В Кремле
Законопроект, выражающий неуважение к здравому смыслу
20 МАЯ 2013 г. АЛЕКСАНДР ВЕРХОВСКИЙ
Законопроект «о чувствах верующих», который с момента его внесения в Думу осенью прошлого года не обругал только ленивый, прошел через суровый фильтр думского комитета по законодательству и приобрел, в сущности, совершенно новый облик.
Стал ли он лучше? Конечно, да. Все заметили, что исчезла отдельная статья за оскорбление чувств верующих. Но важнее, на самом деле, не распределение составов преступления по статьям, а сами составы. И тут налицо улучшения: исчезли наиболее дикие измышления авторов законопроекта вроде «оскорбления убеждений» верующих, ранжирования религий по культурному вкладу и т.д.
Стал ли законопроект приемлемым? Пожалуй, нет.
Основное содержание проекта — добавленный состав преступления в части 1 ст. 148: «Публичные действия, выражающие явное неуважение к обществу и совершенные в целях оскорбления религиозных чувств верующих». Формула выглядит странно.
Собственно действие очень похоже на хулиганство, как его описывает УК в ст. 213: «грубое нарушение общественного порядка, выражающее явное неуважение к обществу». Видимо, предполагается, что деяние по ст. 148 порядок не нарушает (или может не нарушать), но все же выражает «явное неуважение к обществу».
В основной формулировке ст. 213, хотя к ней есть другие претензии, есть некий смысл: именно «грубое нарушение общественного порядка» может выразить «явное неуважение к обществу», а, скажем, если человек выйдет на площадь и во всеуслышание заявит, что он не уважает общество, это не может быть преступлением.

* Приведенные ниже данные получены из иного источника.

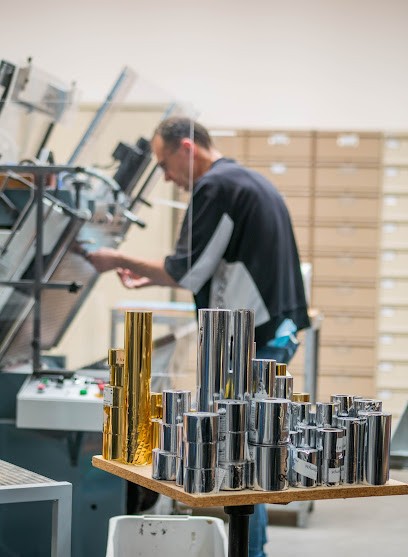 Imprimerie Romefort et Fils, Imprimeur à Orvault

Предлагаемый же законопроект утверждает, что такое заявление на площади становится преступлением, если у него была цель «оскорбления религиозных чувств верующих». Формулировка даже не предполагает достижения результата: чувства могли быть не оскорблены. Простой пример: человек на площади заявил что-то гнусное про основы, скажем, католической веры и именно с целью задеть религиозное чувство католиков, но на площади не нашлось ни одного католика, и потому цель оратора достигнута не была. Иначе говоря, вторая половина состава предлагаемой части 1 ст. 148 — это мотив деяния, который и делает его криминальным. Да, это вполне возможно.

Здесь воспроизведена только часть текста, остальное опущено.